Adaptive joint distribution learning
Damir Filipovic, Michael Multerer, Paul Schneider
TL;DR
The paper addresses estimating joint distributions from samples with the crucial constraints of normalization and positivity by introducing the joint distribution learner (JDL) in a tensor-product RKHS. It derives a representer theorem that reduces the optimization to a bilinear form $h|_{\mathcal G} = {\bm K}_Y{\bm H}{\bm K}_X$, and proposes an adaptive low-rank scheme based on pivoted Cholesky and a double-orthogonal basis to enable fast learning on datasets with millions of points. Positivity tightenings (pointwise and single-inequality) and elementary error bounds are developed to maintain valid probability structures while keeping computation tractable.
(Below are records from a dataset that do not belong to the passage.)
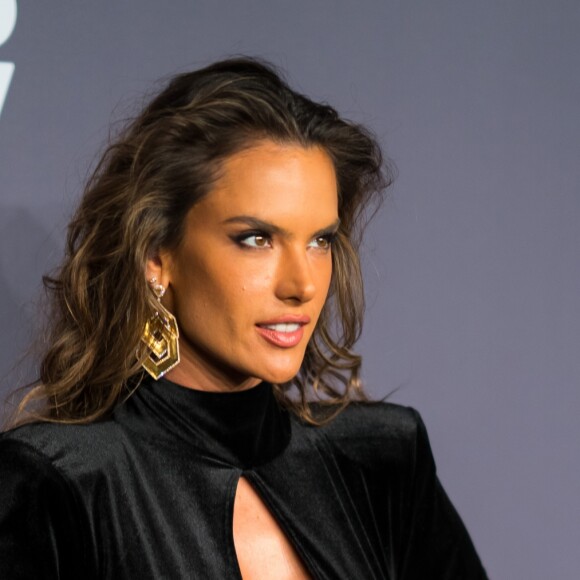 Alessandra Ambrosio usou um bestido preto de veludo e recortes da grife Lena Berisha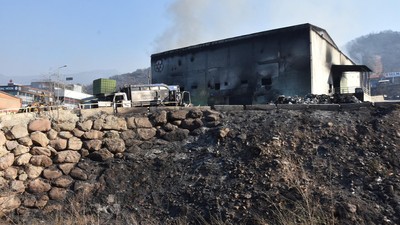 4 gündür yanan Karşıyaka'dan güzel haber! 5 noktada orman yangını ile mücadele sürüyor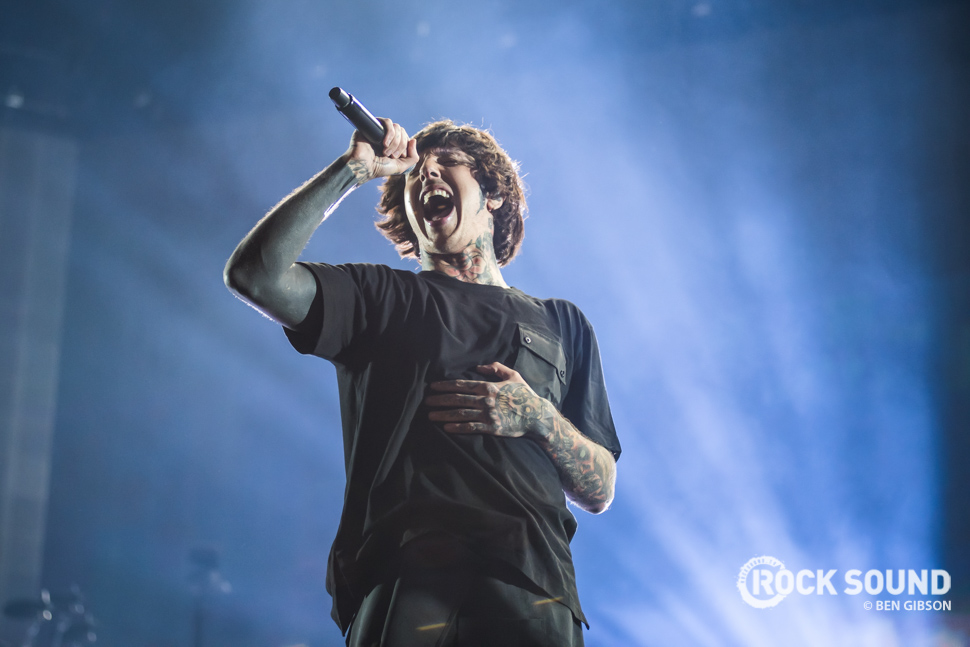oliver sykes wallpaper hd,performance,music artist,concert,performing arts,sky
Numerical experiments on conditional moments and binary classification show JDL and its polynomial variant JPDL outperform traditional CME and perform competitively with kernel logistic regression, with scalability to high dimensions and very large $n$. The approach thus provides a scalable, principled framework for learning joint and conditional distributions in complex, large-scale settings with rigorous structural guarantees.
Abstract
We develop a new framework for estimating joint probability distributions using tensor product reproducing kernel Hilbert spaces (RKHS). Our framework accommodates a low-dimensional, normalized and positive model of a Radon--Nikodym derivative, which we estimate from sample sizes of up to several millions, alleviating the inherent limitations of RKHS modeling. Well-defined normalized and positive conditional distributions are natural by-products to our approach. Our proposal is fast to compute and accommodates learning problems ranging from prediction to classification. Our theoretical findings are supplemented by favorable numerical results.